In your for loops you are comparing the array [x11, x12, x13, x14] with all following elements ([x21, x22, x23, x24], [x31, x32, x33, x34], [x41, x42, x43, x44], etc..),

then you move on to comparing [x21, x22, x23, x24] with all following elements ([x31, x32, x33, x34], [x41, x42, x43, x44], etc..).

To iterate every 2 rows and compare them 2 by 2 (that means x1 with x2, and then x3 with x4) you want something like this instead:

for i in range(0, length - 1, 2):
    j = i + 1;
    if (list[i][0] + list[i][2] == list[j][0] or list[j][0] + list[j][2] == list[i][0]) and list[i][1] == list[j][1]:
        # do something
        if list[i][3] == list[j][3]:
            # do something
        else
            # do something

note that you have also to address the case where the list array has odd size.

Syco
  • 799
  • 2
  • 14
  • 23
0

I am posting a solution for how to do this for the first if and the subsequent if and else conditions.

You can follow similar logic to do the same for the rest as well.

import numpy as np

arr = np.array([[0, 17, 6, 10],
       [0, 7, 6, 10],
       [6, 50, 6, 10],
       [0, 50, 6, 10],
       [6, 16, 6, 10],
       [6, 6, 6, 10],
       [0, 50, 6, 10],
       [6, 50, 6, 10],
       [6, 40, 6, 10],
       [0, 27, 6, 10],
       [0, 37, 6, 10]])

N = len(arr)

cnt1 = cnt2 = cnt3 = cnt4 = cnt5 = 0
for i in range(0, N):
    for j in range(i + 1, N):
        if (arr[i][0] + arr[i][2] == arr[j][0] or arr[j][0] + arr[j][2] == arr[i][0]) and \
                arr[i][1] == arr[j][1]:
            cnt1 += 1
            if arr[i][3] == arr[j][3]:
                cnt2 += 1
            else:
                cnt3 += 1
        elif (arr[i][1] + arr[i][3] == arr[j][1] or arr[j][1] + arr[j][3] == arr[i][1]) and \
                    arr[i][0] == arr[j][0]:
            cnt4 += 1
            if arr[i][2] == arr[j][2]:
                cnt2 += 1
            else:
                cnt3 += 1
        else:
            cnt5 += 1

# this corresponds to (arr[i][0] + arr[i][2] == arr[j][0] or arr[j][0] + arr[j][2] == arr[i][0])
cnt1_bool_c1 = ((arr[:, 0] + arr[:, 2])[:, None] == arr[:, 0][None, :])

# arr[i][1] == arr[j][1]:
cnt1_bool_c2 = arr[:, 1][:, None] == arr[:, 1][None, :]

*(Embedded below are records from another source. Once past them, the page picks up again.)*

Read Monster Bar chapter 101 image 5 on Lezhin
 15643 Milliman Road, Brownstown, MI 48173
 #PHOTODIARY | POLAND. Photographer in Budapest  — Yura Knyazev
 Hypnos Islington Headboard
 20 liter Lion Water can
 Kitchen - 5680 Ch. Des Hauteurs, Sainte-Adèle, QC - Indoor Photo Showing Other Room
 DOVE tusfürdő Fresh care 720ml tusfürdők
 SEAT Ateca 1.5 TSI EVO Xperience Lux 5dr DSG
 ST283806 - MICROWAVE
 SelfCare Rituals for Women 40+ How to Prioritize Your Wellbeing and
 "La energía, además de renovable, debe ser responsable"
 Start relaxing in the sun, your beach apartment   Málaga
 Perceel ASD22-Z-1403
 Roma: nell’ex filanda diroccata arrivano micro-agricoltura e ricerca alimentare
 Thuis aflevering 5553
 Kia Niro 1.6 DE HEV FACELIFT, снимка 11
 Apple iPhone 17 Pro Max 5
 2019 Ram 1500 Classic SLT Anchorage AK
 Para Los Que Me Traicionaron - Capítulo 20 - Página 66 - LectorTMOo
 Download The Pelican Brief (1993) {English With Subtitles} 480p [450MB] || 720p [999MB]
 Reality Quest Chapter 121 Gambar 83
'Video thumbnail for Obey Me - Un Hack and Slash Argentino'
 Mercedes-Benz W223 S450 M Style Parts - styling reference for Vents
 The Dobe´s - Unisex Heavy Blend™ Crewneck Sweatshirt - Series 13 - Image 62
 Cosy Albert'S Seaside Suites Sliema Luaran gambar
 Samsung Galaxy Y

# So that i and j are compared only if i != j
cnt1_bool_c2[np.arange(N), np.arange(N)] = False

# doing and of the two previous conditions finishing the very first if condition
cnt1_bool = np.bitwise_and(cnt1_bool_c1, cnt1_bool_c2)

# corresponds to cnt1
cnt1_n = cnt1_bool.sum()

# verified
print(cnt1 == cnt1_n)

# corresponds to arr[i][3] == arr[j][3]
cnt2_bool_c = arr[:, 3][:, None] == arr[:, 3][None, :]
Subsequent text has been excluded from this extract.